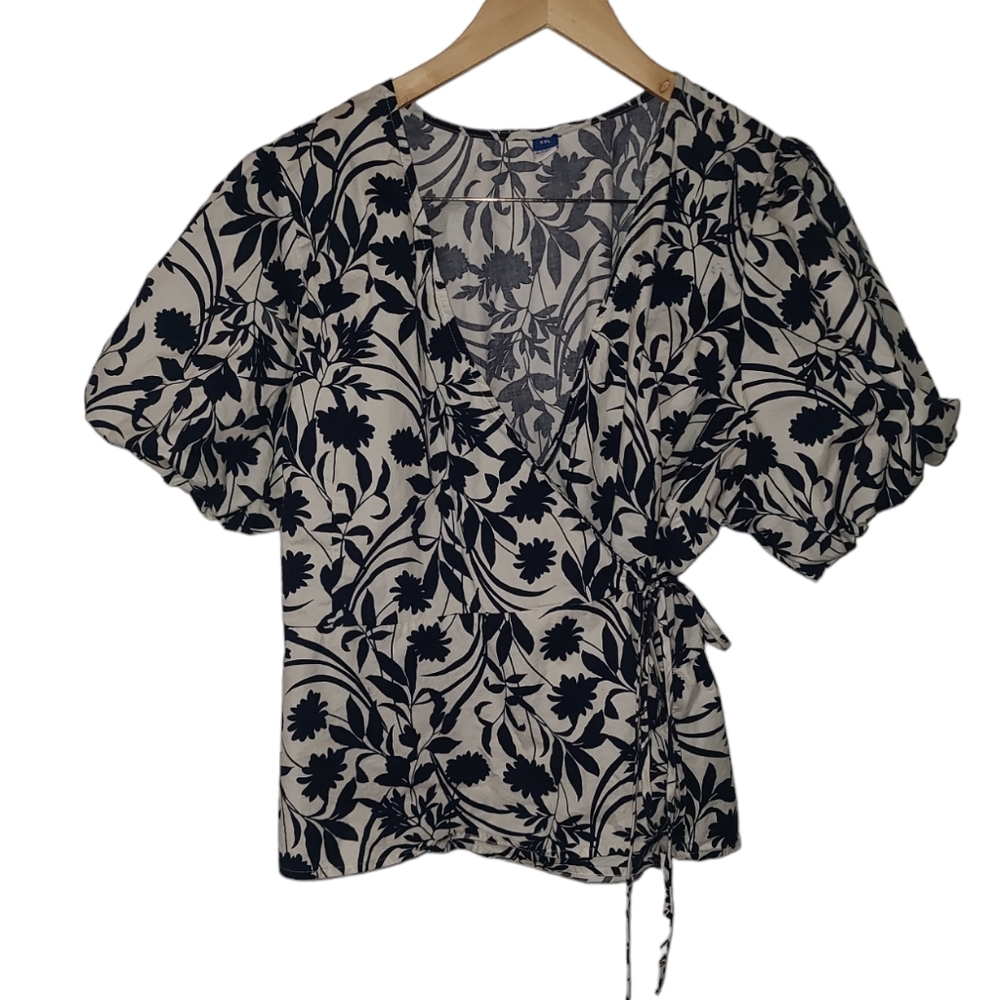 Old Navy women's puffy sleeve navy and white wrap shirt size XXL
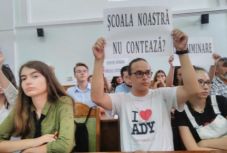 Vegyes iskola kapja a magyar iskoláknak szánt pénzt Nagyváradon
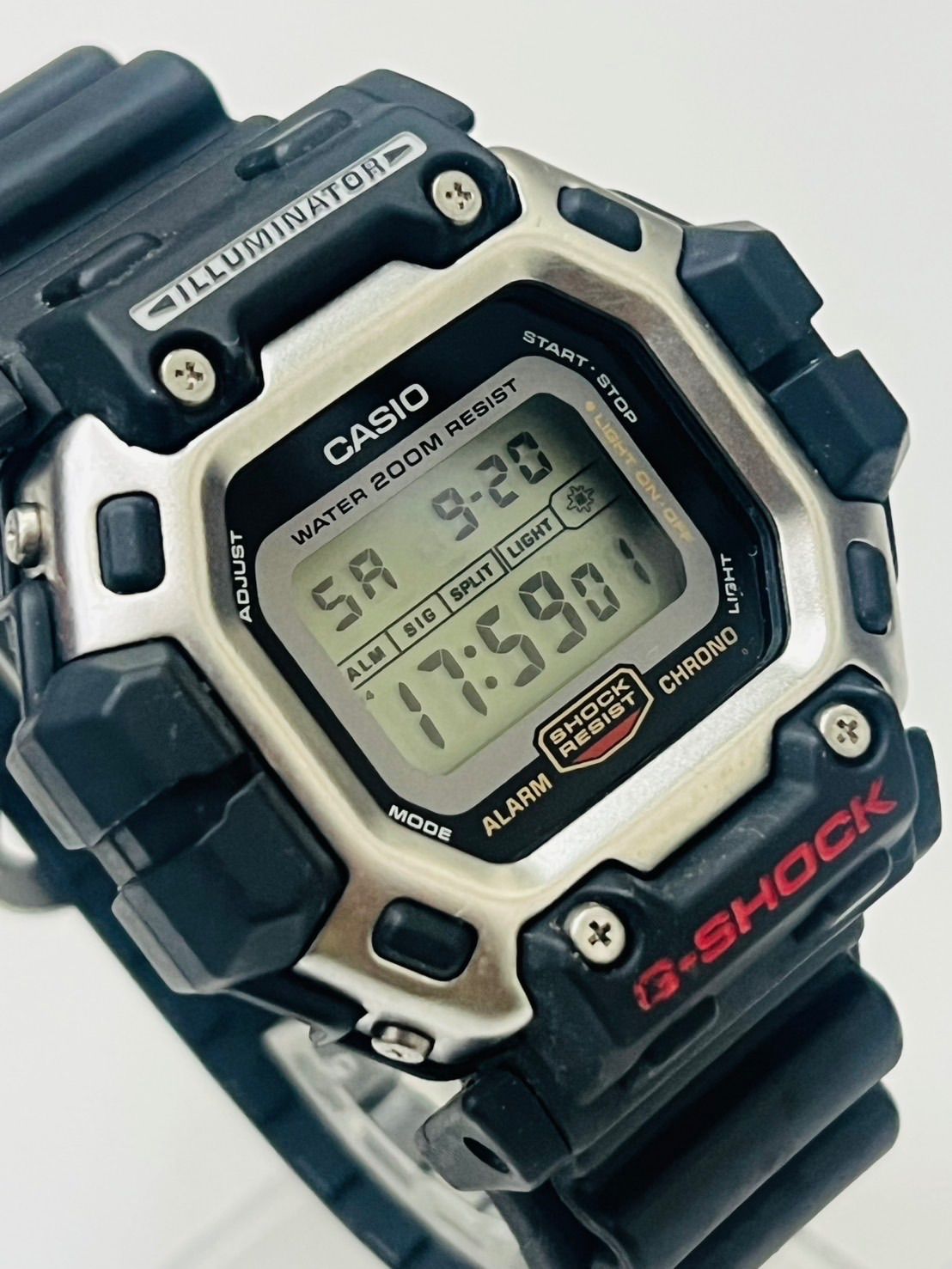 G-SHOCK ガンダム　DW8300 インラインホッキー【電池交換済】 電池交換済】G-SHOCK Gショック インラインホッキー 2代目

◆ Problem to work on ◆
Give every line of the listing above again, exactly, with no images.

◆ Task answer ◆
 Old Navy women's puffy sleeve navy and white wrap shirt size XXL
 Vegyes iskola kapja a magyar iskoláknak szánt pénzt Nagyváradon
 G-SHOCK ガンダム　DW8300 インラインホッキー【電池交換済】 電池交換済】G-SHOCK Gショック インラインホッキー 2代目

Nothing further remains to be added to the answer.